As lembranças que se amontoam na mente e as pequenas impressões que percebe a cada vez, as pequenas malignidades diante do próximo, as reflexões mais profundas, alegres ou tristes, os projetos de como fazer prosseguir a jornada e as incumbências a tomar para preparar uma pequena festa à tarde, os estados de ânimo que passam incessantemente de uma insignificância de idílio a uma insignificância de raiva: tudo isso, pouco a pouco, se desenrola e se amalgama, fundindo-se com o que acontece ou não acontece do lado de fora e, ao mesmo tempo, delineando, com impressionante clareza, os traços de uma personalidade, e talvez de um destino.

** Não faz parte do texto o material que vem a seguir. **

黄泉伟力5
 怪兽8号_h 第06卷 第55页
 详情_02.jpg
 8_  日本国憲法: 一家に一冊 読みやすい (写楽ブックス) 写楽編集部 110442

Ainda mais rarefeito quanto aos eventos narrados é “A dama no espelho”, publicado em 1929 na Harper’s Magazine. Aqui a protagonista é, na verdade, uma casa vazia, momentaneamente abandonada pela proprietária, que saiu para cuidar de um jardim. Em um grande espelho, refletem-se os objetos e o mobiliário costumeiro, porém como que animados por vibrações novas, resultantes do jogo cambiante das luzes e das sombras provenientes das janelas. E aqui também o tempo e o espaço se dilatam, contendo ainda um componente visionário, que altera as dimensões e os papéis das coisas. Porém, dessa fantasmagoria de objetos deformados, emerge por fim o retrato de uma solidão feminina profundíssima e tocante, de uma evidência emotiva verdadeiramente miraculosa.
Muito diferente é “A duquesa e o joalheiro”, publicado em 1938 na Harper’s Bazaar, mas escrito em 1932. Mais do que um encontro-confronto de consciência, assistimos aqui a uma espécie de estudo social, no confronto entre um joalheiro judeu, que conseguiu sair do nada para se tornar um dos mais importantes de Londres, e uma velha aristocrática viciada em jogo, que recorre a ele para saldar um débito. Oferece-lhe pérolas falsas, vendendo-as como autênticas, e o joalheiro, embora logo perceba o embuste, adquire-as sem hesitar, emitindo um cheque substancioso. Só no final descobriremos as motivações de seu gesto, sinal indubitável de que a autora se reapropriou, dessa vez, de suas prerrogativas, voltou a tomar nas mãos os personagens e seus destinos, instituiu situações e motivos, narrando com sua voz inconfundível.